• Task brief: Omit any pictures, and restate word for word only the lines from the one with "Shifting Sovereignties: A" through the end of the data below.

(Image-caption web data)

=== Begin Enclosure ===

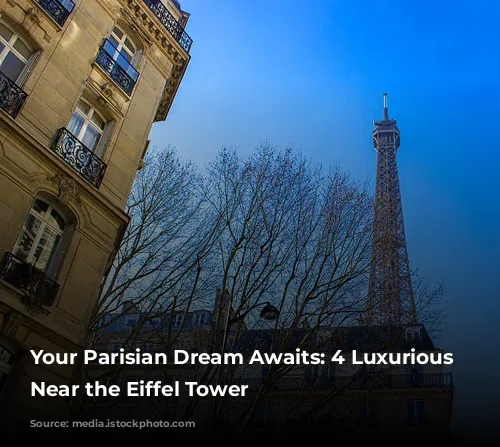 Your Parisian Dream Awaits: 4 Luxurious Hotels Near the Eiffel Tower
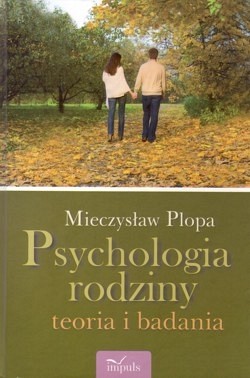 Skan okładki: Psychologia rodziny : teoria i badania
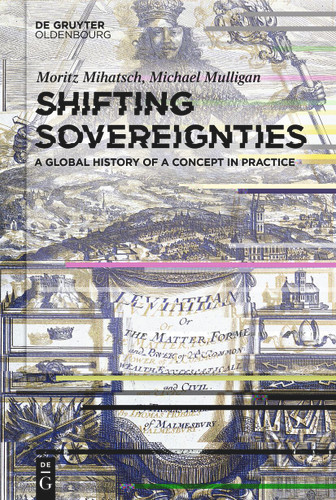 Shifting Sovereignties: A Global History of a Concept in Practice [9783111446561]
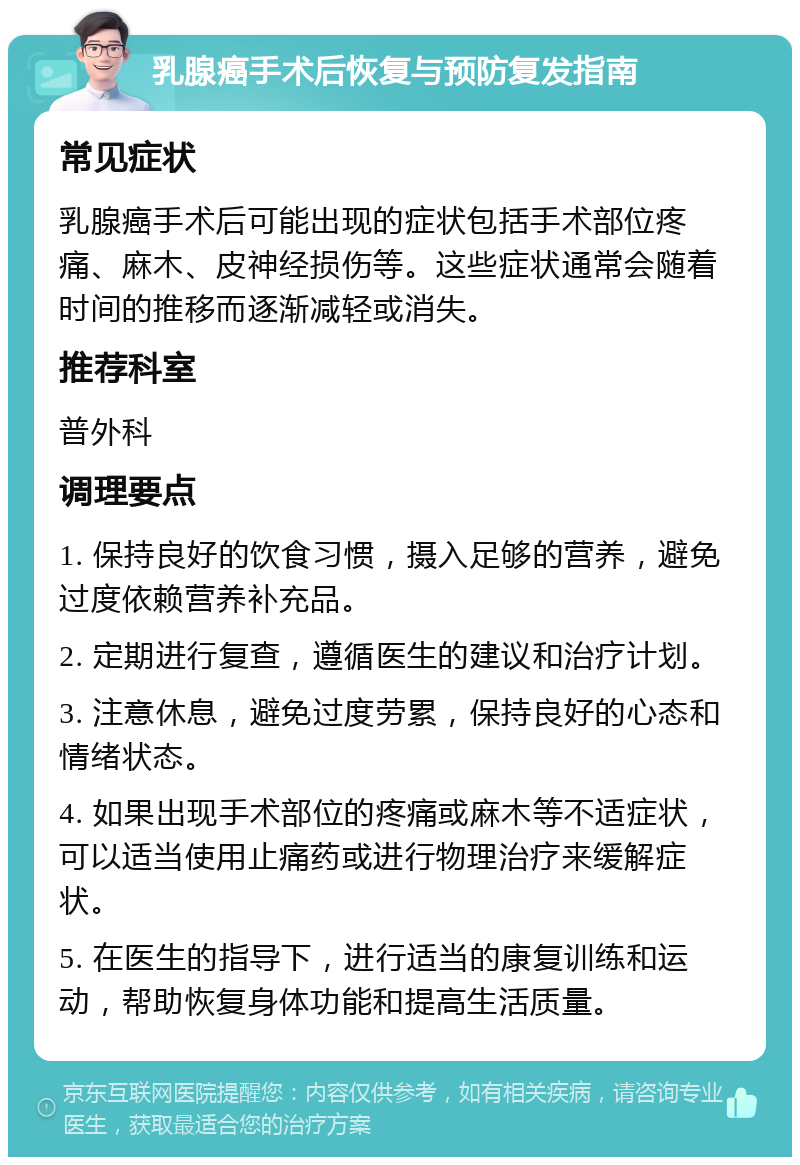 乳腺癌手术后恢复与预防复发指南 常见症状 乳腺癌手术后可能出现的症状包括手术部位疼痛、麻木、皮神经损伤等。这些症状通常会随着时间的推移而逐渐减轻或消失。 推荐科室 普外科 调理要点 1. 保持良好的饮食习惯，摄入足够的营养，避免过度依赖营养补充品。 2. 定期进行复查，遵循医生的建议和治疗计划。 3. 注意休息，避免过度劳累，保持良好的心态和情绪状态。 4. 如果出现手术部位的疼痛或麻木等不适症状，可以适当使用止痛药或进行物理治疗来缓解症状。 5. 在医生的指导下，进行适当的康复训练和运动，帮助恢复身体功能和提高生活质量。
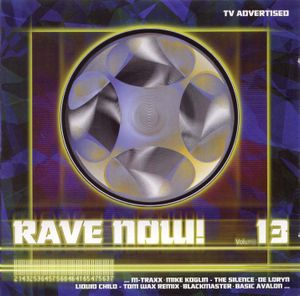 Rave Now! Volume 13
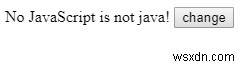 เป็นไปได้ไหมที่จะเปลี่ยนเนื้อหา HTML ใน JavaScript?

=== End Enclosure ===

• Result below:
 Shifting Sovereignties: A Global History of a Concept in Practice [9783111446561]
 乳腺癌手术后恢复与预防复发指南 常见症状 乳腺癌手术后可能出现的症状包括手术部位疼痛、麻木、皮神经损伤等。这些症状通常会随着时间的推移而逐渐减轻或消失。 推荐科室 普外科 调理要点 1. 保持良好的饮食习惯，摄入足够的营养，避免过度依赖营养补充品。 2. 定期进行复查，遵循医生的建议和治疗计划。 3. 注意休息，避免过度劳累，保持良好的心态和情绪状态。 4. 如果出现手术部位的疼痛或麻木等不适症状，可以适当使用止痛药或进行物理治疗来缓解症状。 5. 在医生的指导下，进行适当的康复训练和运动，帮助恢复身体功能和提高生活质量。
 Rave Now! Volume 13
 เป็นไปได้ไหมที่จะเปลี่ยนเนื้อหา HTML ใน JavaScript?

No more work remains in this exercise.